It’s been a while since we’ve done zero and I figured since we’ve just had a month of words, why not a number?
One is an ancient number, perhaps the oldest recorded one. A bone found in the Congo from twenty thousand years ago has notches that indicate counting by ones. One itself has had some interesting forms over the centuries. The Greeks actually used α'. Seriously, an alpha with a quote mark. It was also a curvy Arabic line, the Roman Numeral I, a single dot for the Mayans, a — in Chinese, and a kind of squished N in Hebrew. Most of those make sense as they’re just single lines or dots, and apparently Greek numbers used to be just the letters of their alphabet with a quote mark at the end (their 2 for example is β').
The 1 that we use however is first recorded India in the fourth century CE, but had actually been in use for quite a while before that. It moved through the Arabic world, which changed and modified all of the Indian number symbols. One was a — in ancient India, but a 1 in Arabic, and believe me, it’s the least changed. You’ll see when we eventually get to the other numbers. Anyway, from there the numeral system spread across northern Africa, entering Europe by way of Spain.
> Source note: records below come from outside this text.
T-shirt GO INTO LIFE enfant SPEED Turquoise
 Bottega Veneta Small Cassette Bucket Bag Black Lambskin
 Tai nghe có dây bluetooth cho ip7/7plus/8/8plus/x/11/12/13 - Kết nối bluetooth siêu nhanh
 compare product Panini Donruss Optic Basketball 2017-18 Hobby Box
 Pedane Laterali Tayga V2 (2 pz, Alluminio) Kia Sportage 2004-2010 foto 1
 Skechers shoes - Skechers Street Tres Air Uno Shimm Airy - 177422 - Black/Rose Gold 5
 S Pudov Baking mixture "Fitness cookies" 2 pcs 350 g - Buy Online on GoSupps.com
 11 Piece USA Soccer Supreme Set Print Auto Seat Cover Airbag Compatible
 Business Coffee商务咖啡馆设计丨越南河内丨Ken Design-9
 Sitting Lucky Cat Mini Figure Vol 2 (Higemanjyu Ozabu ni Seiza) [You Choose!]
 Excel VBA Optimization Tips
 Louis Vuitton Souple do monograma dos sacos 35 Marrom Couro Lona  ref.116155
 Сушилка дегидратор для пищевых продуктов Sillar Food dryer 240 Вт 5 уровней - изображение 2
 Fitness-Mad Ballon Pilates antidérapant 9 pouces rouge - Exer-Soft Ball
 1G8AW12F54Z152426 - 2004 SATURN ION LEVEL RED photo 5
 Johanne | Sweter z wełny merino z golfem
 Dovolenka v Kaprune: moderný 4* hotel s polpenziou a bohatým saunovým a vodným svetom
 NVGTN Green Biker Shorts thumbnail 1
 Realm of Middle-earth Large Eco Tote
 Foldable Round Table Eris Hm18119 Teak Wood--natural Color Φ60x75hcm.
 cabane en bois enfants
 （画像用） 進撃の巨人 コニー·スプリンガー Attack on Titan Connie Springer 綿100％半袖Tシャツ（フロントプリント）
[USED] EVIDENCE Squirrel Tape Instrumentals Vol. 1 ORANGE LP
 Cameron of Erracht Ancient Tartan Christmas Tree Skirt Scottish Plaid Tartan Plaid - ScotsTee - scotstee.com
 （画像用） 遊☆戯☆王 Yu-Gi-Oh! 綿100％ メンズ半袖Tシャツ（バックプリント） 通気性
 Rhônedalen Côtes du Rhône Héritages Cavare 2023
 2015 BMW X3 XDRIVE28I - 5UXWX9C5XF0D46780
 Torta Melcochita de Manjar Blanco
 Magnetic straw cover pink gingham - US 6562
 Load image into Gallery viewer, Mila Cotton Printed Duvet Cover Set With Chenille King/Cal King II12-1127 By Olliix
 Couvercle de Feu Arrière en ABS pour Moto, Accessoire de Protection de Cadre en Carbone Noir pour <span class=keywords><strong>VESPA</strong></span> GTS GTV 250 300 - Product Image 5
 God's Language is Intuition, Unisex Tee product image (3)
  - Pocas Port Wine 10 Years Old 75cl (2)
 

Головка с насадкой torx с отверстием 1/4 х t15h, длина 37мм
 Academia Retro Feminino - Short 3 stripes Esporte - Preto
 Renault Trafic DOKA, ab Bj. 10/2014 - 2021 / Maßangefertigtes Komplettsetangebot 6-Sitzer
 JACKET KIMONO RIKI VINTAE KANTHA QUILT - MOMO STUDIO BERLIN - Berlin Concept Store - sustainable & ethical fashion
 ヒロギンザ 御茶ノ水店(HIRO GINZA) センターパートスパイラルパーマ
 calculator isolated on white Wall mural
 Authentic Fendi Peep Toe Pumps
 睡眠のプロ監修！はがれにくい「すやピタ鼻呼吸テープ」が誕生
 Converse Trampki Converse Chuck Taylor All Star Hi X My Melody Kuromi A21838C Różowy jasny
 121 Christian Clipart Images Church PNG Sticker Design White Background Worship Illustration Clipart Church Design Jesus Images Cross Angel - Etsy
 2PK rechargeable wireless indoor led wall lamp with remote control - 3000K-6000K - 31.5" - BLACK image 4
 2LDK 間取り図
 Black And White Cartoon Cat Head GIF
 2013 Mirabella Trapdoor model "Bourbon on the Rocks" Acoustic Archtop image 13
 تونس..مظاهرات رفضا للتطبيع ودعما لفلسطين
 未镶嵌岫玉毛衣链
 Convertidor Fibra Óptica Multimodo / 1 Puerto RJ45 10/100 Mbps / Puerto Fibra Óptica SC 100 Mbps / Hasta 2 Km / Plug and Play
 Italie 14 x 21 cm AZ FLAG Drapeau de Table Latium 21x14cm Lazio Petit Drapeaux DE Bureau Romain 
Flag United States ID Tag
Now for the word. One showed up in the early thirteenth century from the Old English an, one or single, and is also the origin for an. And a for that matter. The article, not the letter (yes, they’re really separate things). Seriously. Anyway! Before Old English, it was the Proto Germanic ainaz and earlier, the Proto Indo European oi-no-, one or unique. So because one is single, it is one. Okay. Sure.